Purpose : Visual impairment in posterior capsule opacification (PCO) is primarily caused by myofibroblasts whose contractions deform the capsule. Myofibroblasts in explants of human lens tissue and rabbits after cataract surgery are derived from Myo/Nog cells that express the skeletal muscle specific transcription factor MyoD, bone morphogenetic protein inhibitor noggin and brain-specific angiogenesis inhibitor 1 (BAI1). In this study we tested whether MyoD was required for Myo/Nog cell differentiation into myofibroblasts.

Methods : Anterior lens tissue was obtained from patients undergoing cataract surgery. Tissue was incubated in serum free medium containing MYOD1 siRNA. Controls included no treatment, vehicle only and non-targeting siRNA. Cells were fixed on day 5. Double label immunofluorescence localization was performed with antibodies to MyoD, BAI1, Noggin, alpha smooth muscle actin (α-SMA), striated muscle myosin and Ki67, a marker of cell proliferation. Wrinkles in bare areas of the capsule were quantified by differential interference contrast microscopy.

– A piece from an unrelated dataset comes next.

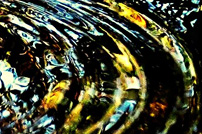 Feature Image 3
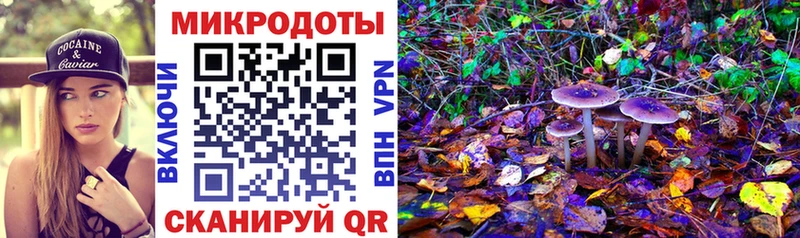 Галлюциногенные грибы MAGIC MUSHROOMS  Талица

Results : MyoD, α-SMA and striated muscle myosin were present in most BAI1 and Noggin-positive Myo/Nog cells but not in lens epithelial cells (LECs) in control cultures. MyoD protein was detected in less than 1% of Myo/Nog cells treated with MyoD siRNA. Knockdown of MyoD increased the number of Myo/Nog cells approximately 3-fold in parallel with an increase in Ki67 labeling. The effect of MyoD siRNA on α-SMA was variable. Few Myo/Nog cells contained detectable levels of striated muscle myosin with MyoD knockdown. In control cultures, areas denuded of LECs were surrounded by differentiated Myo/Nog cells and contained wrinkles in the capsule. Myo/Nog cells lacking striated muscle myosin surrounded holes in the epithelium in explants treated with MyoD siRNA; however, wrinkles in the capsule were significantly reduced. LECs appeared to be unaffected by MyoD siRNA.

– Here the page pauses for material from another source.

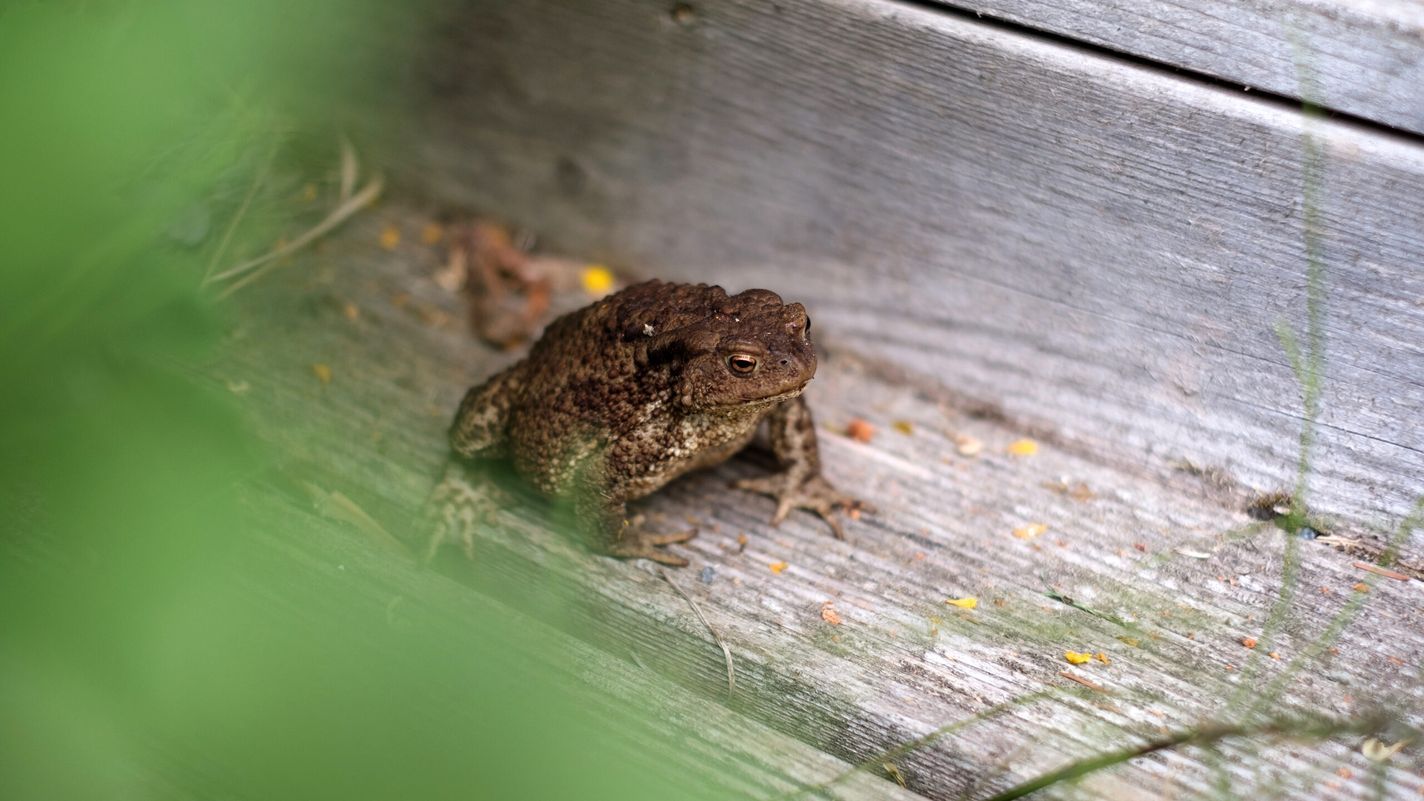 Frogs in Your Yard, How To, Remove, Home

Conclusions : MyoD appears to regulate the expression of striated muscle myosin in Myo/Nog cells as they differentiate into myofibroblasts in primary cultures of human lens tissue. α-SMA expression may be regulated independently of MyoD or synthesized prior to complete knockdown of MyoD with a slow rate of protein turnover. MyoD also is involved in withdrawal from the cell cycle. The presence of striated muscle myosin correlates with myofibroblast contractions that produce wrinkles in the capsule.

This abstract was presented at the 2024 ARVO Annual Meeting, held in Seattle, WA, May 5-9, 2024.